La sponsorizzazione di Guzzetti lascia quindi intravedere i contorni di un’operazione-paese, per tutelare una storica “materia prima” italiana: il risparmio, ormai terra di conquista dei grandi gestori internazionali, difficilmente poi protesi a reinvestire i fondi raccolti in Piazza Affari o nell’Azienda. Pioneer-Eurizon appare invece, sulla carta, un “campione nazionale” come Amundi o Natixis: entrambe non del tutto sganciate dalle politiche pubbliche in campo creditizio. D’altro canto né UniCredit né Intesa Sanpaolo sarebbero prevedibilmente più azionisti di controllo: e in questo sarebbero comunque tenuti in considerazione i “desiderata” del Governatore della banca d’Italia, Mario Draghi, che raccomanda con forza da sempre una tendenziale separazione tra gestori e banche (a monte azioniste e a valle distributrici).

 

Alle spalle di Eurizon e Pioneer, Anima (Bpm) e Prima (Mps) hanno già realizzato una fusione nazionale che ha accentuato l’indipendenza della Sgr. L’occhio di Tremonti e l‘attenzione delle Fondazioni portano poi a non escludere combinazioni più estese per l’ipotesi Pioneer-Eurizon: ad esempio, con il gigante BancoPosta (14mila sportelli), controllato da Tesoro e Cdp. Mentre – problematiche antitrust a parte – altri gestori nazionali potrebbero essere smossi dal potente “drive” di un “progetto italiano dell’asset managemnet”: ad esempio, Arca, la Sgr consortile delle Popolari.

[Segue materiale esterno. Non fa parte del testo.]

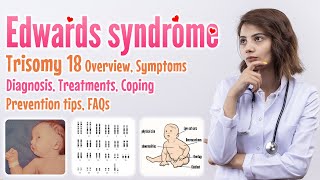 Edwards syndrome trisomy 18 causes symptoms diagnosis treatment screening prevention FAQ [upl. by Nilved]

È pressoché certo che – se l’ipotesi dovesse maturare in progetto – si alzeranno voci polemiche, favorevoli a “lasciar fare il mercato” (cioè a lasciare che UniCredit venda all’incanto Pioneer all’estero), piuttosto che a costruire un’operazione “colbertiana” in cui lo Stato interviene nelle scelte di società quotate in settori strategici, recuperando “interessi nazionali”. Ma è su questi passaggi che si aggiustano gli equilibri tra Stato e mercato, tra cittadini-risparmiatori e banche, fra politica e imprese, fra diversi sistemi-paese.

 

Difficile, ad esempio, che a Tremonti e all’establishment bancario nazionale risulti poi così gradito che FonSai stia finendo di fatto sotto il controllo di Groupama. Mentre l’Azienda Francia si è già assicurata con Cariparma-Friuladria (del Credit Agricole) e Bnl (di Bnp) due solide teste di ponte sullo scacchiere italiano.